(Assigned task)
Two lines below mark the span: the one containing "婚纱照 --ar 1:1" and the one containing "Item preview, Delicate". Set down both, plus every line between, exactly as they stand, and nothing else.

(Exercise material)
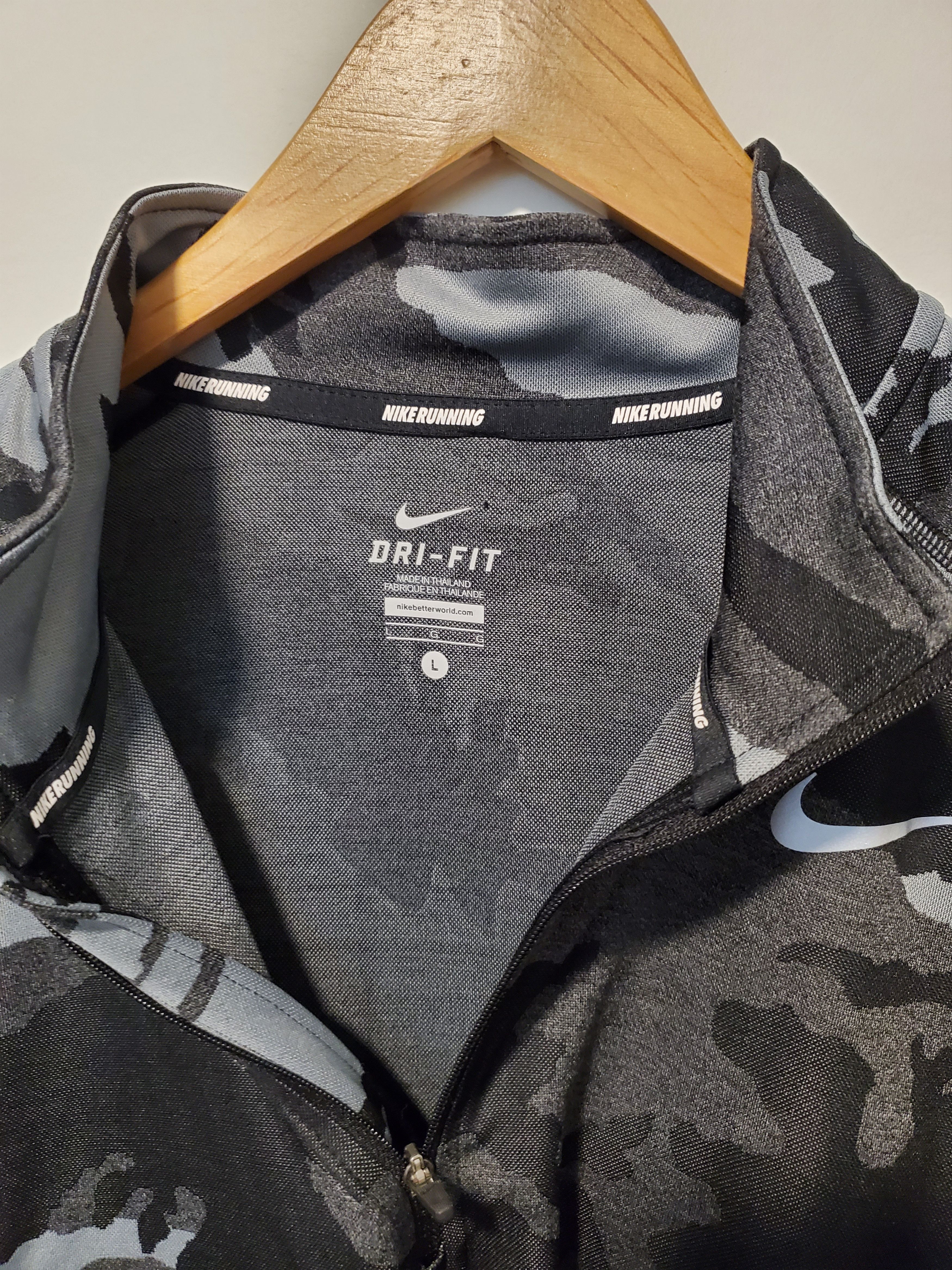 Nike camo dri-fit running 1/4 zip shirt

--

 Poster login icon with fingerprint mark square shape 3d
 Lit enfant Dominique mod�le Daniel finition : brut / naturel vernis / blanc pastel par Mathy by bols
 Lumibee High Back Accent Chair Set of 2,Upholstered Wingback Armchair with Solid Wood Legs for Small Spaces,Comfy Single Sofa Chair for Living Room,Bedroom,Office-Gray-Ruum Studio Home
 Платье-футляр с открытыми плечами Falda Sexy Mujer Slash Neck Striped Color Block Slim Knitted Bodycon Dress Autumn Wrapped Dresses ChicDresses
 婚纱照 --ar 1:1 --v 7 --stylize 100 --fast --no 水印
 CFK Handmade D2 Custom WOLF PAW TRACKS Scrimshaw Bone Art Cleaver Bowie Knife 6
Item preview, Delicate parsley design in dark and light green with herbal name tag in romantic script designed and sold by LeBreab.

(Answer box)
 婚纱照 --ar 1:1 --v 7 --stylize 100 --fast --no 水印
 CFK Handmade D2 Custom WOLF PAW TRACKS Scrimshaw Bone Art Cleaver Bowie Knife 6
Item preview, Delicate parsley design in dark and light green with herbal name tag in romantic script designed and sold by LeBreab.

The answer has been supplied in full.